Officials have started calling the Greek problem, ‘the Greek case study’. On their visits to Berlin, Paris and Washington last week, the prime minister and finance minister seemed to convince everyone that, while the Greeks have major issues with creative bookkeeping and a towering public debt, the current crisis really demonstrates the lack of a common European economic policy.
Unfair measures
Last weekend, the German finance minister, Wolfgang Schäuble, proposed forming a European equivalent to the International Monetary Fund to help euro countries that are in trouble. While this might help in future crises, for the average Greek citizen, it will make no difference for years to come.
According to Savas Robolis, the head of a labour market research agency operated by Greece’s largest coalition of unions GSEE, Greeks with below average paycheques are taking a double hit. Both the pay cuts and the raised taxes place a disproportionate burden on people who didn’t have much to begin with, he said. “The measures are unfair,” he added.
Because households have less money to spend, consumption will drop, leaving Greece lingering in recession for longer. Robolis predicted it would last until 2015. “Future generations will be burdened with the higher interest rates Greece is now paying on treasury bonds,” he added. The higher tax burden would also lead people to find “new ways of tax evasion” he warned.
Social unrest
Rumour has it that Theodoros Pagalos, the second most powerful man in the governing socialist party, Pasok, has advised the minister of health to hold back on expanding the country’s smoking ban for the time being, because the Greeks “have enough on their hands as it is”.

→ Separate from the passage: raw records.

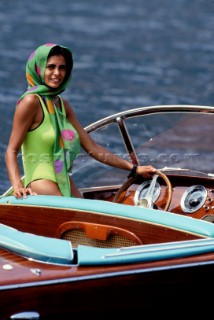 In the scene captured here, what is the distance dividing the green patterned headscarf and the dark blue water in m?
4.12

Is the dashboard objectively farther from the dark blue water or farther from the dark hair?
the dark blue water

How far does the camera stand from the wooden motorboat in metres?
5.12

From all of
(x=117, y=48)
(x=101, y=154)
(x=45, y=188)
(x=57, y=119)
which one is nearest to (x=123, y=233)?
(x=45, y=188)

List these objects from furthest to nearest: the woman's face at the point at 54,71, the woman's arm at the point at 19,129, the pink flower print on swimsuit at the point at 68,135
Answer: the pink flower print on swimsuit at the point at 68,135, the woman's face at the point at 54,71, the woman's arm at the point at 19,129

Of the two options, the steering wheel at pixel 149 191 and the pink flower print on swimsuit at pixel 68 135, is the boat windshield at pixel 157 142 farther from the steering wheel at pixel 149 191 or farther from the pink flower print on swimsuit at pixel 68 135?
the pink flower print on swimsuit at pixel 68 135

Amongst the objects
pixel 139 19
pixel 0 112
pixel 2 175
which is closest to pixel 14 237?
pixel 2 175

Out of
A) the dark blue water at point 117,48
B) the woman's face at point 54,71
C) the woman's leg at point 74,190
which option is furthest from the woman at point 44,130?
the dark blue water at point 117,48

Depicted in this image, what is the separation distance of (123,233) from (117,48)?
7349 mm

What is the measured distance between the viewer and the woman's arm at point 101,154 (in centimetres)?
655

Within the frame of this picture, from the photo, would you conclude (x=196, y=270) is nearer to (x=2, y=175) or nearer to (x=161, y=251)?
(x=161, y=251)

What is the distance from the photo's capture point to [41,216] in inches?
233

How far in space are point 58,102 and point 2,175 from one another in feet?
9.68

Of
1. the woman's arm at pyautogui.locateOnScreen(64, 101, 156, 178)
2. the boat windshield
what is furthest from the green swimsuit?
the boat windshield

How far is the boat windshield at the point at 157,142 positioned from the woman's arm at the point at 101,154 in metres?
0.17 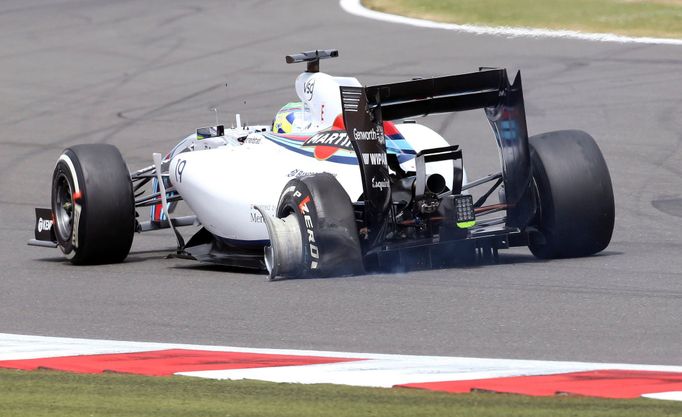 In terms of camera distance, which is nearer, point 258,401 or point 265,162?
point 258,401

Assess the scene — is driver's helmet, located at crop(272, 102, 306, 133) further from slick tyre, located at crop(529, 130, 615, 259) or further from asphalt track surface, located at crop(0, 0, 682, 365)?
slick tyre, located at crop(529, 130, 615, 259)

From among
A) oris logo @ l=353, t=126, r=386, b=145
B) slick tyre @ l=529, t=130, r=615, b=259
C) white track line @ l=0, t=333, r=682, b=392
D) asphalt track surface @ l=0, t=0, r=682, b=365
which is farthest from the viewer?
slick tyre @ l=529, t=130, r=615, b=259

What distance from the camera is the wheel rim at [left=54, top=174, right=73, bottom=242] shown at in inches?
418

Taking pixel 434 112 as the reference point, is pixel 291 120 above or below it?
below

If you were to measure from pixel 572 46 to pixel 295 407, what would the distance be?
17.1m

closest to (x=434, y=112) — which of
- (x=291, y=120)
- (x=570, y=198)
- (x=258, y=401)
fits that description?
(x=570, y=198)

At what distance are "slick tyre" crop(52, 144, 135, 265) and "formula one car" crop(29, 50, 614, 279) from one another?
1cm

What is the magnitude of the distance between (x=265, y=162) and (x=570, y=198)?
2.19m

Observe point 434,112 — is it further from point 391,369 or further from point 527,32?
point 527,32

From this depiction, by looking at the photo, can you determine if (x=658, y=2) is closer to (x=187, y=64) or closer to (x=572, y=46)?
(x=572, y=46)

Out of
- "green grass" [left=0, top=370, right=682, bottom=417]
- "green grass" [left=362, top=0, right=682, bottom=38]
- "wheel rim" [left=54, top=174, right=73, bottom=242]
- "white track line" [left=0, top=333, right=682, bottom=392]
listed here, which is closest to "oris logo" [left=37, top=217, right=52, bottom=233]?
→ "wheel rim" [left=54, top=174, right=73, bottom=242]

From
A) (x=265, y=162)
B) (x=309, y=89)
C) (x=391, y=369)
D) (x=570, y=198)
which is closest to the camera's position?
(x=391, y=369)

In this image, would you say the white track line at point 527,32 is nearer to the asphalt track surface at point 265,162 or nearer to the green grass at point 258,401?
the asphalt track surface at point 265,162

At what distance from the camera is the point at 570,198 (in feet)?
30.7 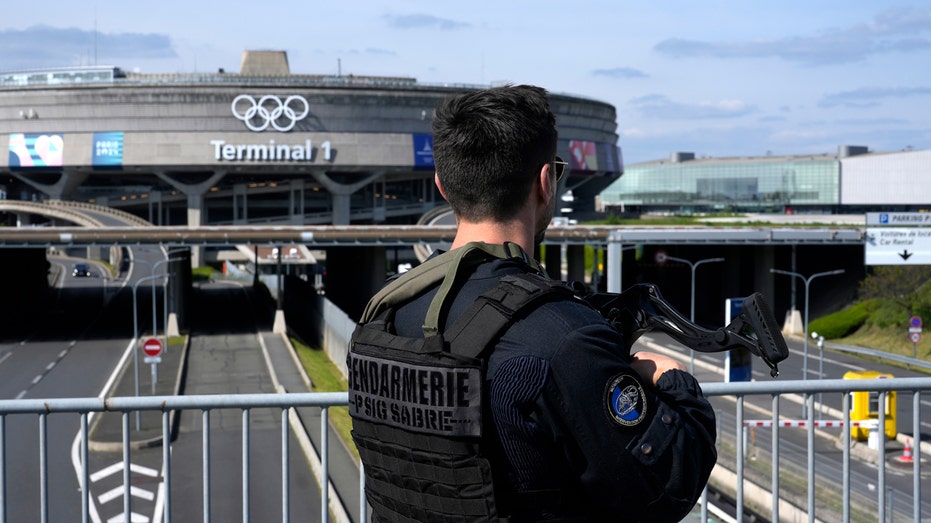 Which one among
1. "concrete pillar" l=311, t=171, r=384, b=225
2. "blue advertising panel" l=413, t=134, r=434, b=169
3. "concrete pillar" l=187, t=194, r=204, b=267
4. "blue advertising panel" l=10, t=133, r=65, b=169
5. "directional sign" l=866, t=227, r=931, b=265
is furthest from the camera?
"concrete pillar" l=311, t=171, r=384, b=225

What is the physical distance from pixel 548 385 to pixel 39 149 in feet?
277

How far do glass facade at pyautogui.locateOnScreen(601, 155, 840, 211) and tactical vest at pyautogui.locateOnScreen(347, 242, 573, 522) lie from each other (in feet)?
421

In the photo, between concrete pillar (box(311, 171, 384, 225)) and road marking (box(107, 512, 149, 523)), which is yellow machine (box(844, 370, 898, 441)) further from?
concrete pillar (box(311, 171, 384, 225))

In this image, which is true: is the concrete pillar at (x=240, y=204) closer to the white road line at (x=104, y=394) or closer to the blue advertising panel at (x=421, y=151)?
the blue advertising panel at (x=421, y=151)

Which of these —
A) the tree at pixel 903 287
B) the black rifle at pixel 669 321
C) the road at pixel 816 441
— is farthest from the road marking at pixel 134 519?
the tree at pixel 903 287

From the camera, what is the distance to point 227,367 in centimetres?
3966

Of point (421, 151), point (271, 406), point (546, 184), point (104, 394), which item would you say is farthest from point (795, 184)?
point (546, 184)

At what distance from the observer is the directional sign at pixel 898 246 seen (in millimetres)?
44344

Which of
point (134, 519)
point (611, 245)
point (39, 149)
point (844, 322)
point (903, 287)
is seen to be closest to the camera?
point (134, 519)

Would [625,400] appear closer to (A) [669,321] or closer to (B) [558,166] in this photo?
(A) [669,321]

“It is only a rumour,” grinned Alexandros Karamalikis, the manager of Black Duck, a bar/restaurant/gallery in Athens’ business district, “but it does illustrate the mood well. We have no money, but we do like to go out and have fun, so let us smoke our cigarette in peace.”
In Greece, there is little left to laugh about. When comedian Lazopoulos mentioned the high prices and low pensions, his audience fell silent. “We still laugh,” he later said in his dressing room. “But it sounds hollow. Like the forced laughter at your grandmother’s death bed, used to hide from her the fact she is dying. We do not laugh because we don’t know what’s ailing Greece. We laugh because we do.”